For those students that are interested in doing the alternative assignment, in the place of Week Three's critique, the following resources can prove useful.
Analyze a given political speech and identify at least six fallacies. In this respect, you are expected to turn in a document that:
1. Briefly summarizes what you are going to do;
2. A proper citation of the speech;
3. Alongside the following:(a) a list of the passages you are quoting, (b) an identification of the fallacy said passage represents and (c)your argument for why said passage is the fallacy that you have listed.
Further, here are links to representative speeches that can be assessed:
1. A webcast and text of Zell Miller's "controversial," "2004 Republican National Convention Address" (American Rhetoric, 2004) http://www.americanrhetoric.com/speeches/convention2004/zellmiller2004rnc.htm (accessed February 13, 2008).
2. George W. Bush's second inaugural address, "President Sworn-In to Second Term" (The White House, January 20, 2005) http://www.whitehouse.gov/news/releases/2005/01/20050120-1.html (accessed February 13, 2008).
3. And Stephen Colbert (from "The Colbert Report")"controversial" speech, "Colbert Roasts President Bush - 2006 White House Correspondents Dinner" (Google Video, C-SPAN, April29, 2006) http://video.google.com/videoplay?docid=-869183917758574879&q=stephen+colbert&total=2704&start=0&num=10&so=4&type=search&plindex=0 (accessed February 13, 2008).

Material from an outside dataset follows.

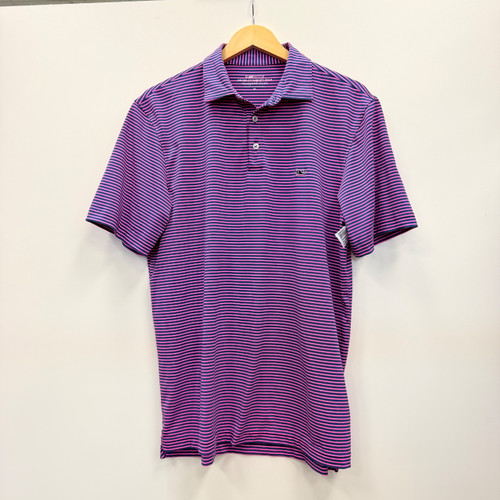 Vist Large View of Product Image Which is Used Vineyard Vines Mens Short Sleeve Top M/15-15.5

Remember, Stephen Colbert is a satirist and is "trying" to be funny, though, at the same time he makes allot of fallacious claims.
You can analyze at least two episodes from "The Daily Show" (http://www.thedailyshow.com/video/index.jhtml) or "The Colbert Report" (http://www.comedycentral.com/shows/the_colbert_report/videos/most_recent/index.jhtml) and identify at least three fallacies in both episodes.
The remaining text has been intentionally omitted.